EXERCISE GOAL: Keep the pictures out, please, and set down every record exactly.

DATA FOR ANALYSIS:
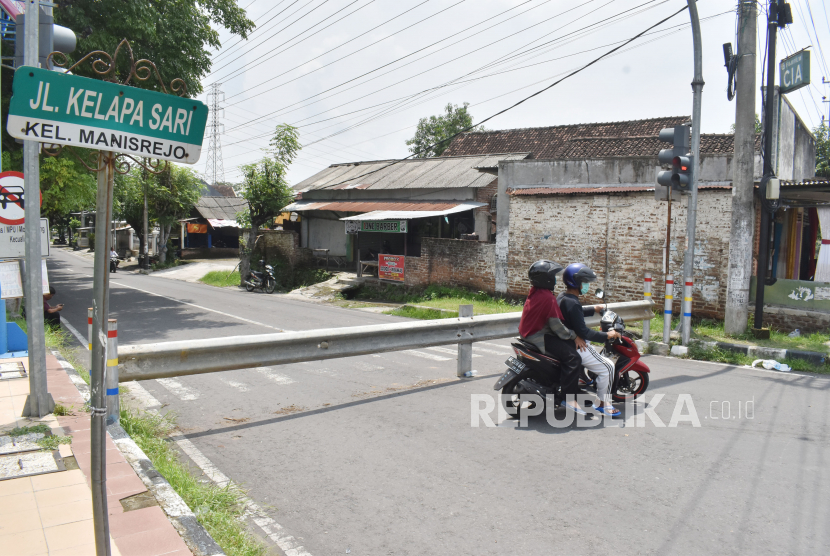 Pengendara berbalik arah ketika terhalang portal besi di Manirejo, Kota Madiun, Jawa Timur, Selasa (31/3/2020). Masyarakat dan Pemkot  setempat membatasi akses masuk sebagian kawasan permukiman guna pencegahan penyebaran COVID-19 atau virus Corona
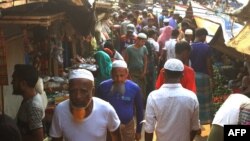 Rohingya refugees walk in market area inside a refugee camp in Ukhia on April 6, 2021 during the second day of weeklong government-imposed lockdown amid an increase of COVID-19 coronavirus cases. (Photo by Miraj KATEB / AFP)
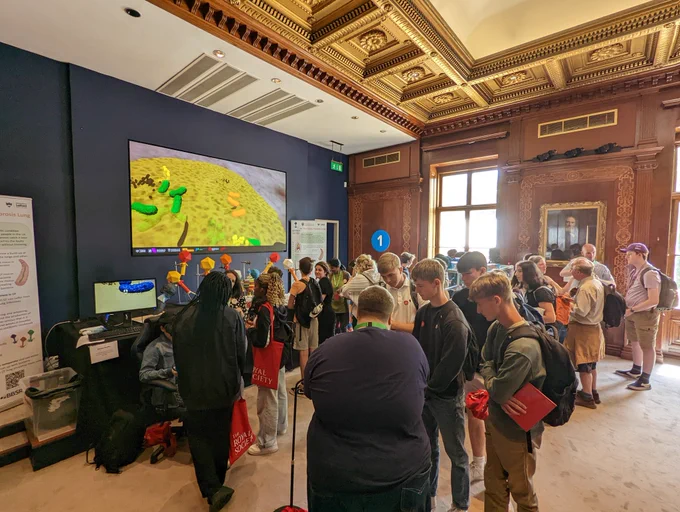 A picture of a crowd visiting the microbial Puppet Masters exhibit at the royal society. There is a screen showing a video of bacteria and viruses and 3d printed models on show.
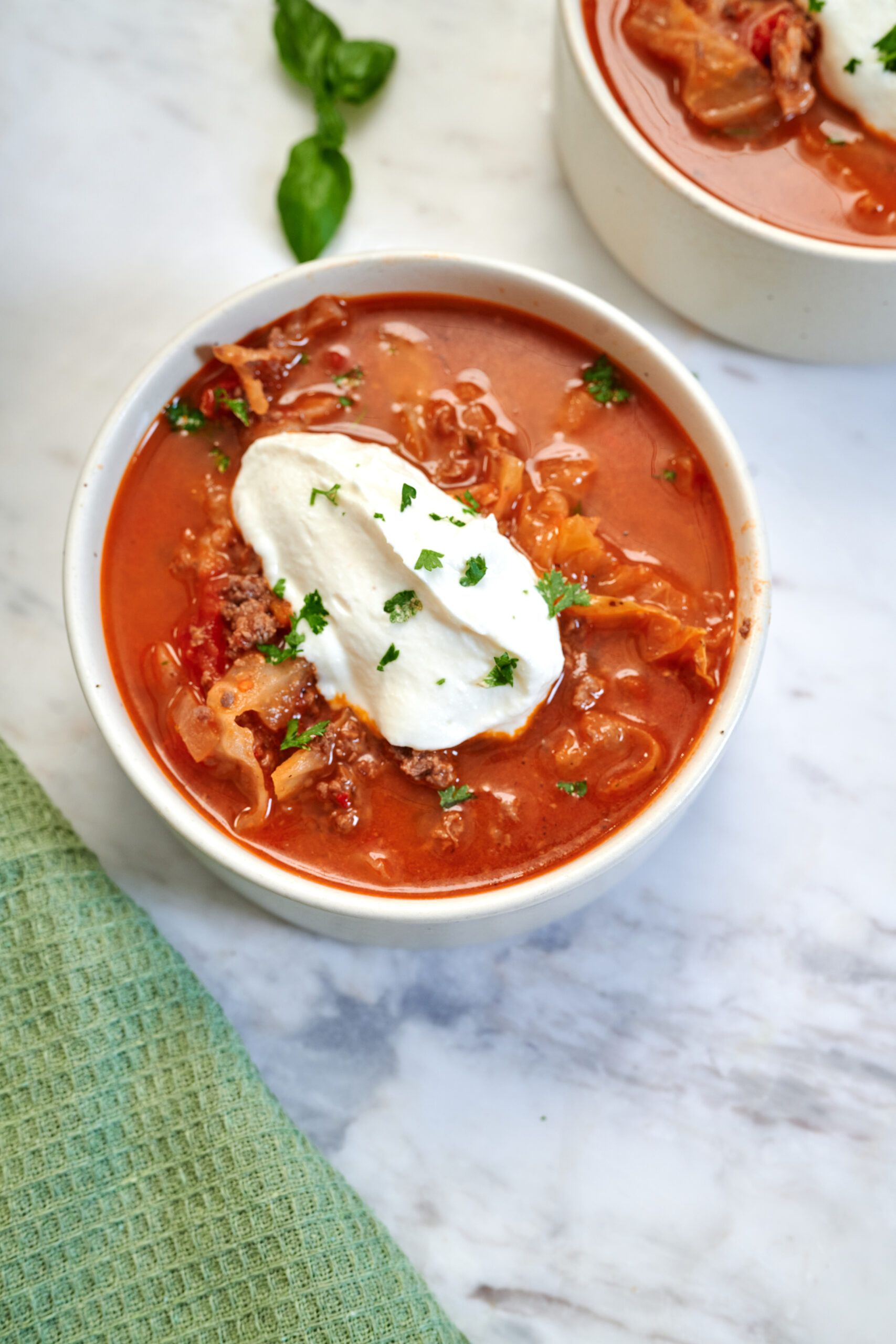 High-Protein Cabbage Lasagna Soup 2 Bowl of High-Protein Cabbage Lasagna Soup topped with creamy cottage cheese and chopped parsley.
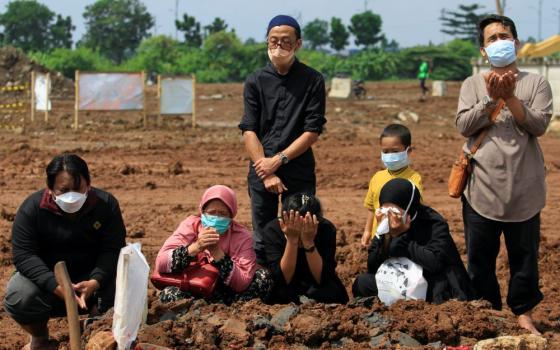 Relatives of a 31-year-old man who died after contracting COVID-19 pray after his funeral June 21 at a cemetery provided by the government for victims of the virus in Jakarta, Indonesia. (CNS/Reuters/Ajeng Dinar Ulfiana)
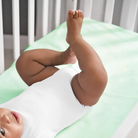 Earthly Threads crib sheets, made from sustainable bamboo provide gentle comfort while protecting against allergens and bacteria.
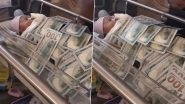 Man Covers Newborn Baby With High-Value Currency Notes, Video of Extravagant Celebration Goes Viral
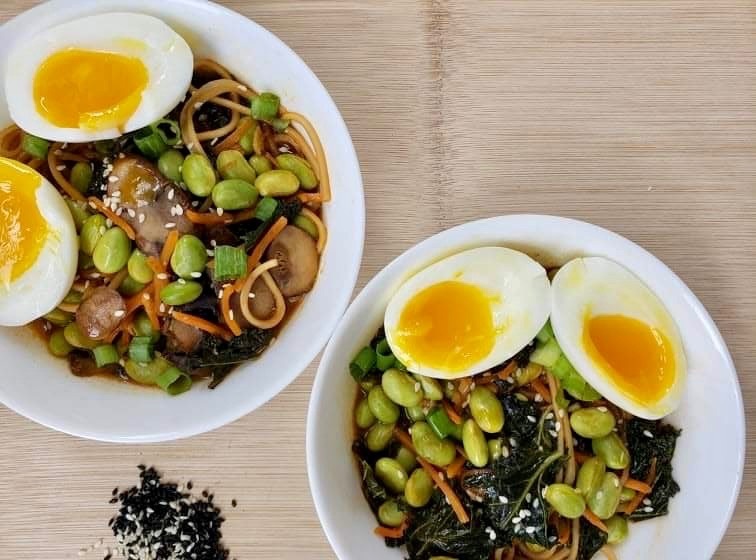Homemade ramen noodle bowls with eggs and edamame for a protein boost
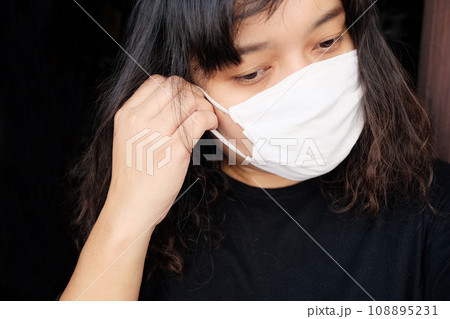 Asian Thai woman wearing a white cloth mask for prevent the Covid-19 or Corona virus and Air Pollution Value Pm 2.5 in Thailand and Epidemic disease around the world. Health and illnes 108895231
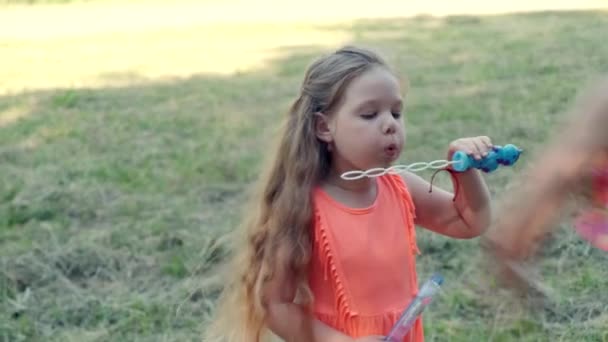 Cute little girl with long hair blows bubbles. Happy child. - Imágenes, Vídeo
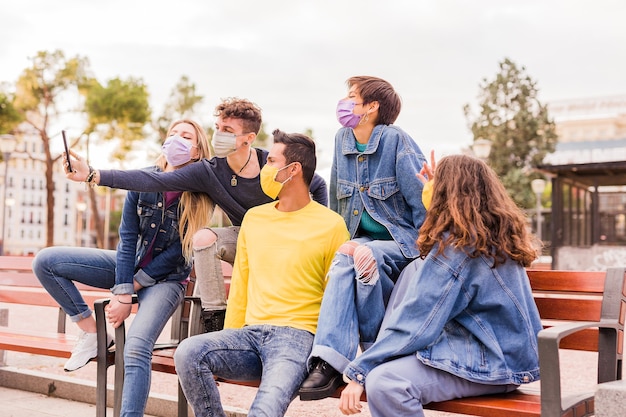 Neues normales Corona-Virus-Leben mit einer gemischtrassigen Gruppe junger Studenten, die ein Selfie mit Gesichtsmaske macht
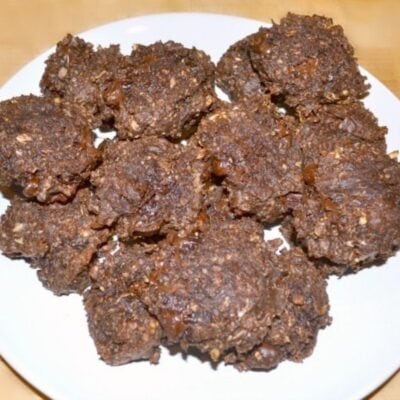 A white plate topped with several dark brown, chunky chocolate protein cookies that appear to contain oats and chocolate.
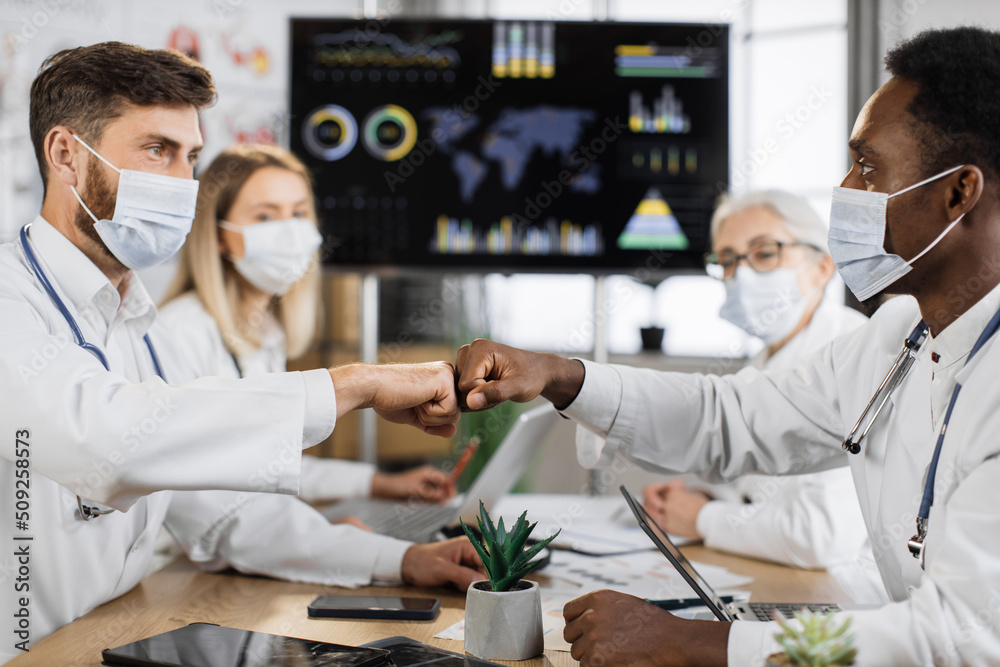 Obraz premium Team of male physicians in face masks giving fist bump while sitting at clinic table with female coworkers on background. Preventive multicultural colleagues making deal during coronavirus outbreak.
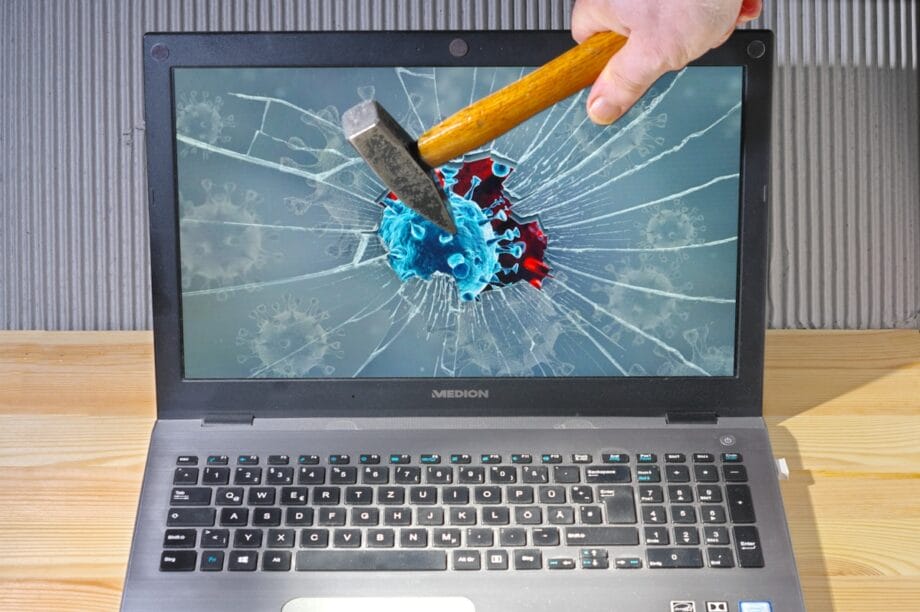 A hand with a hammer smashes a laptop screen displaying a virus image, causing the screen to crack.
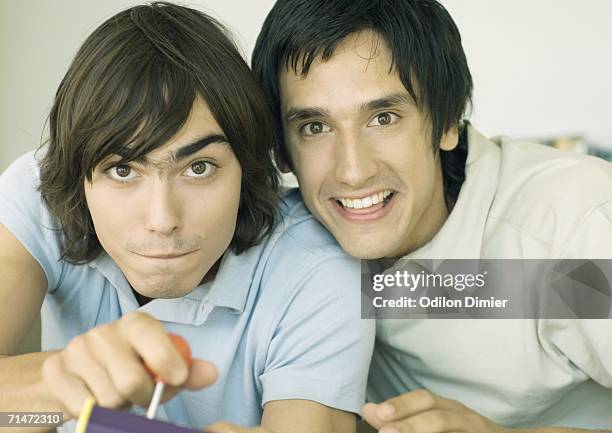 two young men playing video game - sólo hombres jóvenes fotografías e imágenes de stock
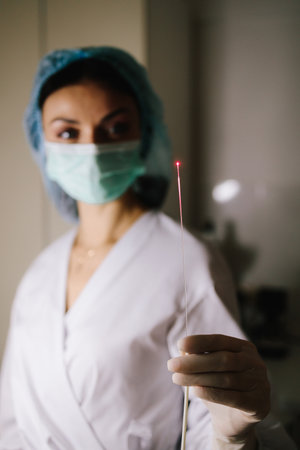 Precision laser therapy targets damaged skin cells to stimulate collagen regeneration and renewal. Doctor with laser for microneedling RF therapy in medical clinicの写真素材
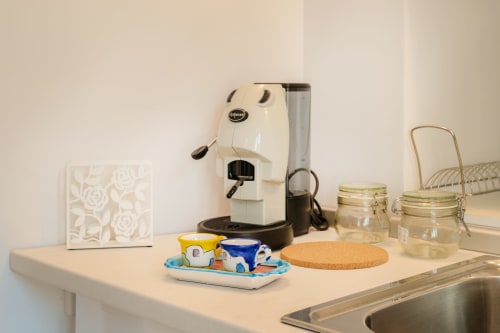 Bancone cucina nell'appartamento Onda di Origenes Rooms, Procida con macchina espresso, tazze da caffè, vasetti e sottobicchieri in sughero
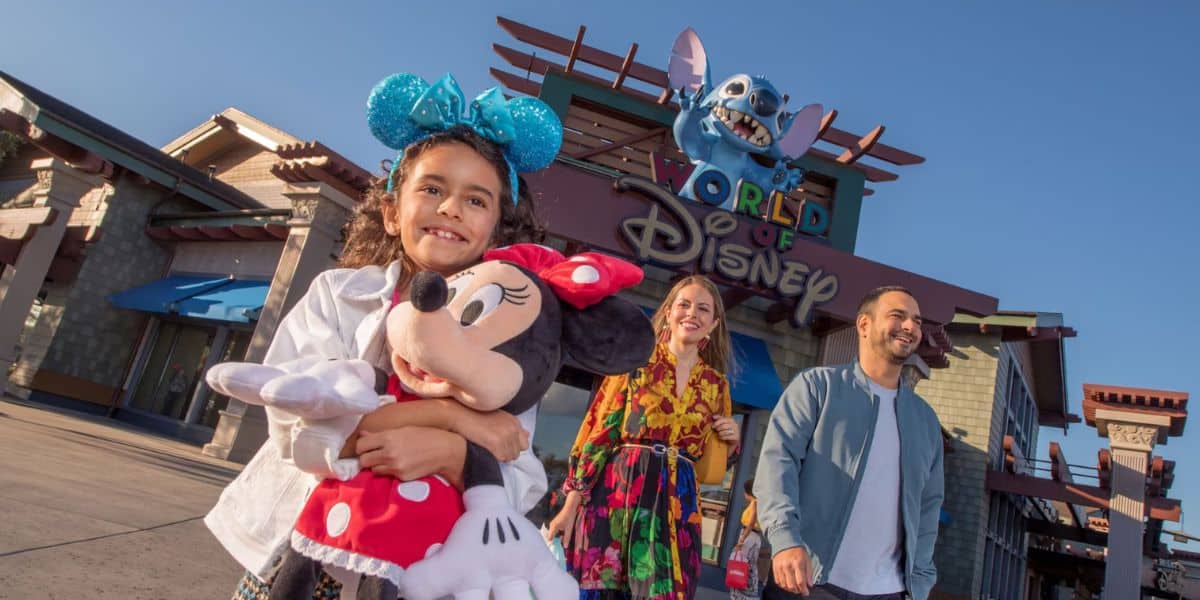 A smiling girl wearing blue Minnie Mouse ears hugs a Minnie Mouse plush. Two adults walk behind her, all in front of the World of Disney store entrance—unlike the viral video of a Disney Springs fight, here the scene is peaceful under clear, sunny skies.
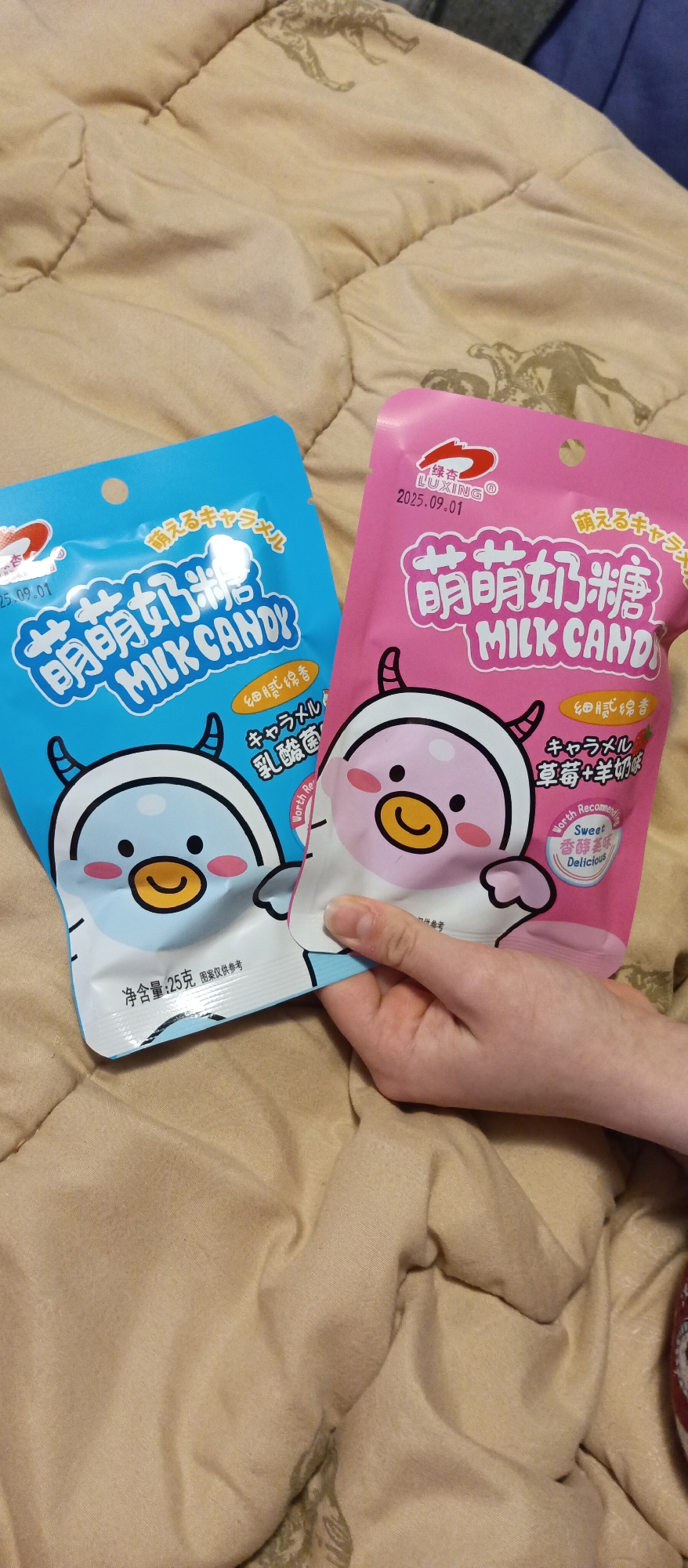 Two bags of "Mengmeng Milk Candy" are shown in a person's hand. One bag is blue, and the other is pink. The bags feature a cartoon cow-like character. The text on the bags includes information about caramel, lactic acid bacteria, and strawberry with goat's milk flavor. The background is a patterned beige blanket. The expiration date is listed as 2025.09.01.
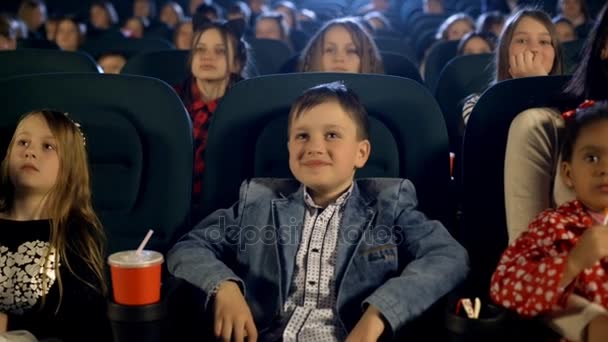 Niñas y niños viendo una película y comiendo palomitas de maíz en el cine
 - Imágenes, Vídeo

COMPLETED EXERCISE:
 Pengendara berbalik arah ketika terhalang portal besi di Manirejo, Kota Madiun, Jawa Timur, Selasa (31/3/2020). Masyarakat dan Pemkot  setempat membatasi akses masuk sebagian kawasan permukiman guna pencegahan penyebaran COVID-19 atau virus Corona
 Rohingya refugees walk in market area inside a refugee camp in Ukhia on April 6, 2021 during the second day of weeklong government-imposed lockdown amid an increase of COVID-19 coronavirus cases. (Photo by Miraj KATEB / AFP)
 A picture of a crowd visiting the microbial Puppet Masters exhibit at the royal society. There is a screen showing a video of bacteria and viruses and 3d printed models on show.
 High-Protein Cabbage Lasagna Soup 2 Bowl of High-Protein Cabbage Lasagna Soup topped with creamy cottage cheese and chopped parsley.
 Relatives of a 31-year-old man who died after contracting COVID-19 pray after his funeral June 21 at a cemetery provided by the government for victims of the virus in Jakarta, Indonesia. (CNS/Reuters/Ajeng Dinar Ulfiana)
 Earthly Threads crib sheets, made from sustainable bamboo provide gentle comfort while protecting against allergens and bacteria.
 Man Covers Newborn Baby With High-Value Currency Notes, Video of Extravagant Celebration Goes Viral
Homemade ramen noodle bowls with eggs and edamame for a protein boost
 Asian Thai woman wearing a white cloth mask for prevent the Covid-19 or Corona virus and Air Pollution Value Pm 2.5 in Thailand and Epidemic disease around the world. Health and illnes 108895231
 Cute little girl with long hair blows bubbles. Happy child. - Imágenes, Vídeo
 Neues normales Corona-Virus-Leben mit einer gemischtrassigen Gruppe junger Studenten, die ein Selfie mit Gesichtsmaske macht
 A white plate topped with several dark brown, chunky chocolate protein cookies that appear to contain oats and chocolate.
 Obraz premium Team of male physicians in face masks giving fist bump while sitting at clinic table with female coworkers on background. Preventive multicultural colleagues making deal during coronavirus outbreak.
 A hand with a hammer smashes a laptop screen displaying a virus image, causing the screen to crack.
 two young men playing video game - sólo hombres jóvenes fotografías e imágenes de stock
 Precision laser therapy targets damaged skin cells to stimulate collagen regeneration and renewal. Doctor with laser for microneedling RF therapy in medical clinicの写真素材
 Bancone cucina nell'appartamento Onda di Origenes Rooms, Procida con macchina espresso, tazze da caffè, vasetti e sottobicchieri in sughero
 A smiling girl wearing blue Minnie Mouse ears hugs a Minnie Mouse plush. Two adults walk behind her, all in front of the World of Disney store entrance—unlike the viral video of a Disney Springs fight, here the scene is peaceful under clear, sunny skies.
 Two bags of "Mengmeng Milk Candy" are shown in a person's hand. One bag is blue, and the other is pink. The bags feature a cartoon cow-like character. The text on the bags includes information about caramel, lactic acid bacteria, and strawberry with goat's milk flavor. The background is a patterned beige blanket. The expiration date is listed as 2025.09.01.
 Niñas y niños viendo una película y comiendo palomitas de maíz en el cine
 - Imágenes, Vídeo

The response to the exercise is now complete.